◆ WORK TO COMPLETE:
Transcribe nothing except the lines below that run from the one with "Paraná tem cinco" to the one with "金银花丨手写中药书法毛笔字药材名插画海报展板包装盒图片素材", ends included, and do not copy any picture.
(ENTRIES PROVIDED)
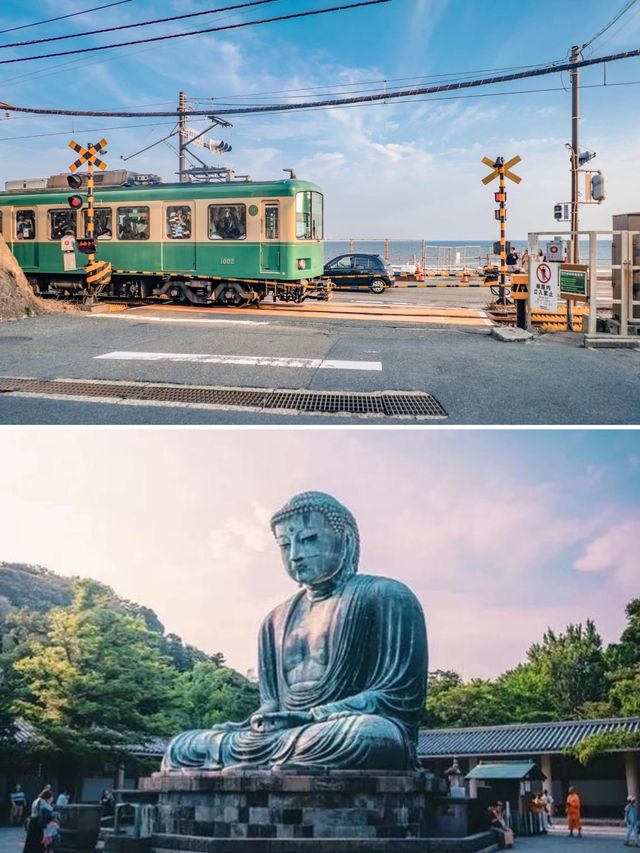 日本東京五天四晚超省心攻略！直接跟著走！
(End ENTRIES PROVIDED)
(ENTRIES PROVIDED)
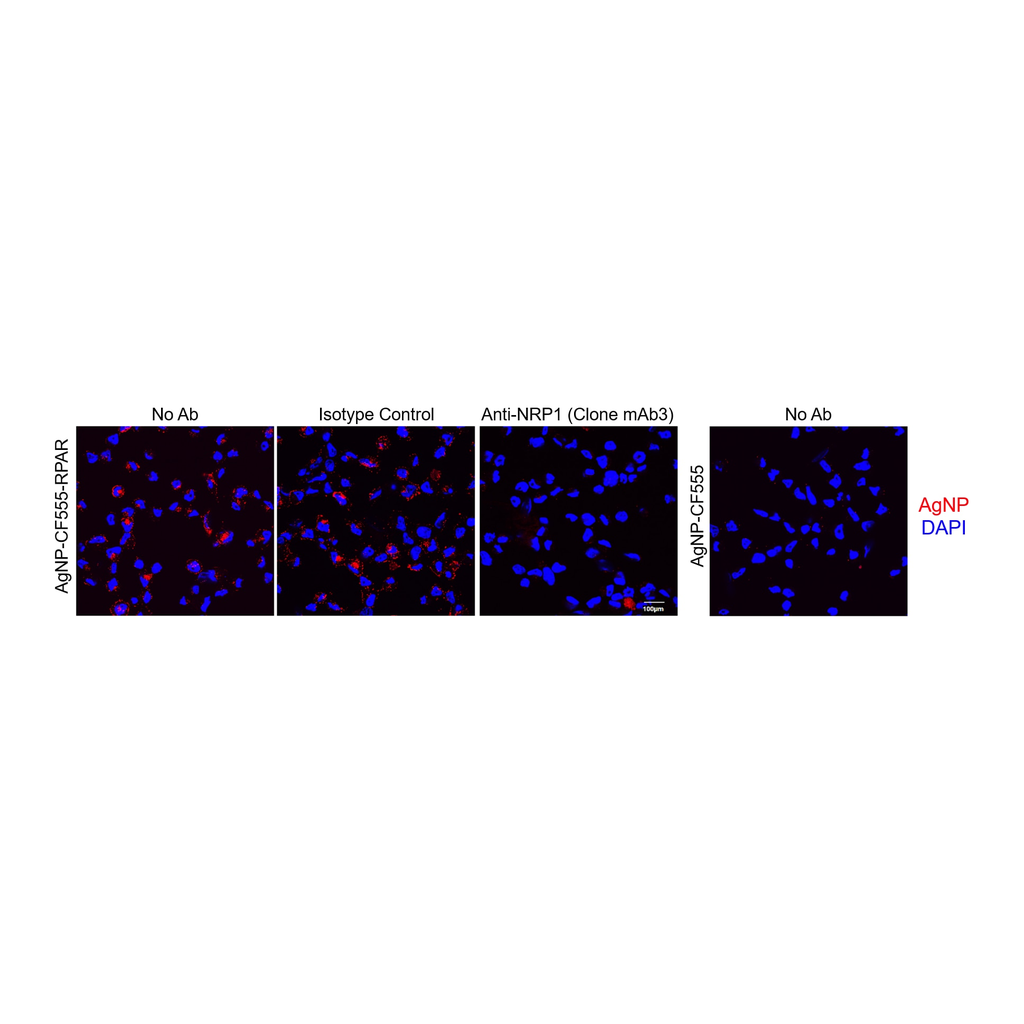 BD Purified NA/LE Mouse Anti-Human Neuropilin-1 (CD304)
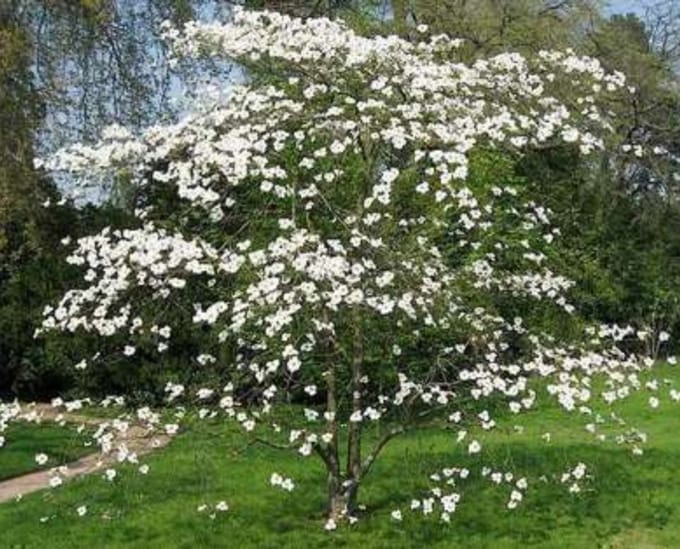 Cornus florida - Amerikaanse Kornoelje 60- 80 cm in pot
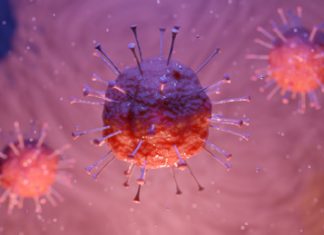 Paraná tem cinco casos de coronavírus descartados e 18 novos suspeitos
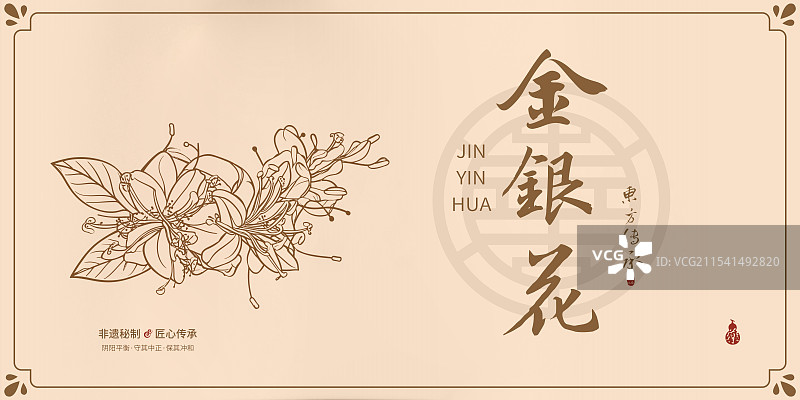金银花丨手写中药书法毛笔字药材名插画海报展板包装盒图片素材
(End ENTRIES PROVIDED)
◆ SOLUTION TO THIS PROBLEM:
 Paraná tem cinco casos de coronavírus descartados e 18 novos suspeitos
金银花丨手写中药书法毛笔字药材名插画海报展板包装盒图片素材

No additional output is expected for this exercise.